The report, published by Scottish Natural Heritage (SNH), was commissioned to ensure the number of licences issued to control ravens won’t affect the population in the long term.
Licences are issued out to control ravens when they are causing serious damage to livestock, particularly lambs.
There has been an increase in the Scottish raven population of over 50% over the past 20 years, with Scotland holding the majority of the UK raven population.
Last year, the National Sheep Association (NSA) received reports of very high losses due to ravens, including flocks in Scotland where 50 to 100 lambs have been killed.
Robbie Kernahan, SNH’s Head of Wildlife Management, said: “It’s our job to encourage healthy populations of native species as well as support rural businesses.
“Ravens can cause serious damage to livestock, particularly lambs. Where this is a serious problem, and there is no other solution, we issue licences for farmers to shoot and scare the birds.

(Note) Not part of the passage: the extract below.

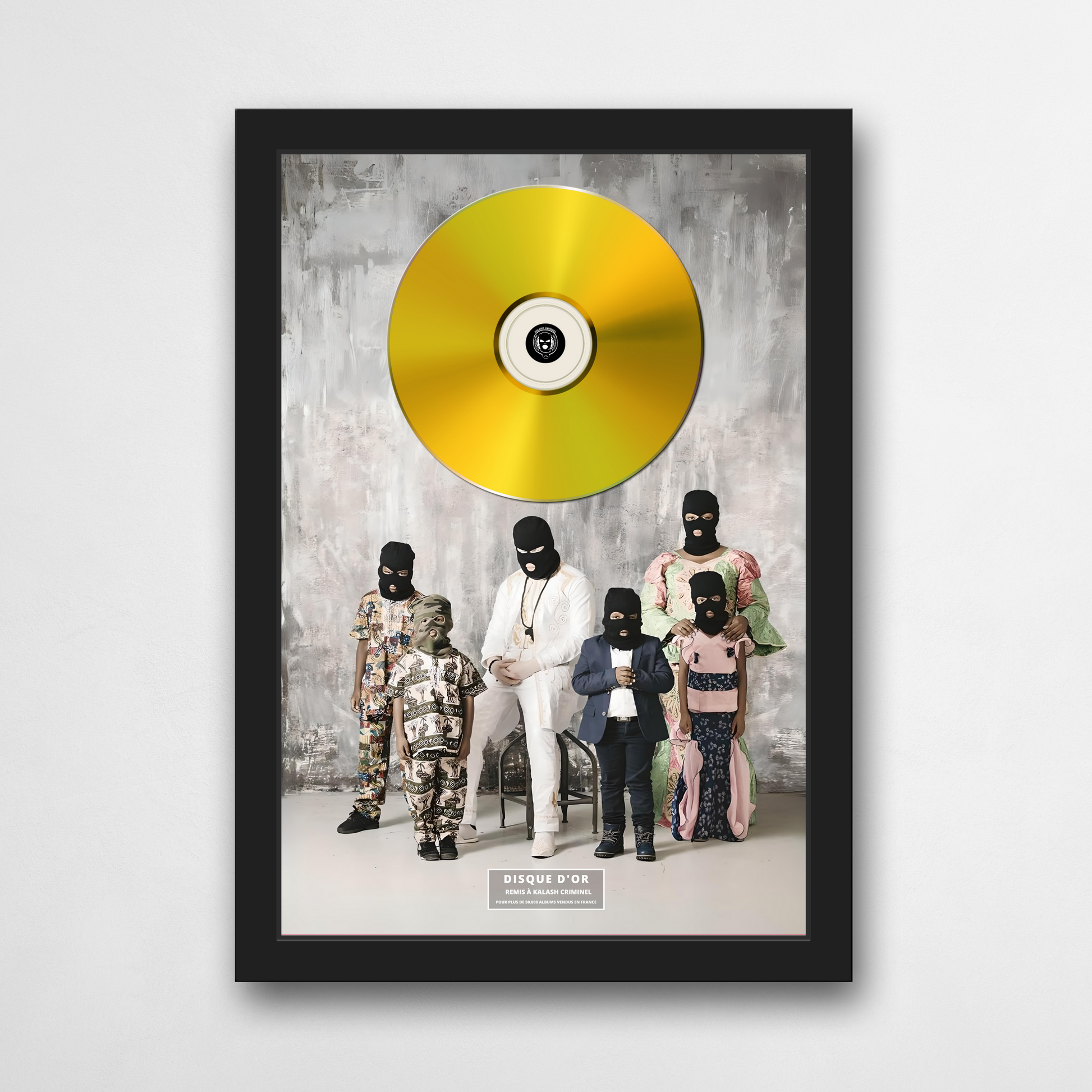 Disque d'or Kalash Criminel - RAS | Rapcertif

“This research shows that the number of ravens killed under licence won’t put the Scottish population at risk. However, we will continue to monitor so we can adjust licence numbers when we need to.”
Andrew Midgley, Environment and Land Use Policy Manager at NFU Scotland said: “The licencing system provides a very important mechanism through which farmers can seek to prevent wildlife, which is legally protected, from causing serious agricultural damage.
“Farmers apply to SNH for a licence to deal with a problem and it is for SNH to make decisions about granting licences on the basis of its knowledge of the population and species ecology. It is therefore vital that SNH has up-to-date population information.”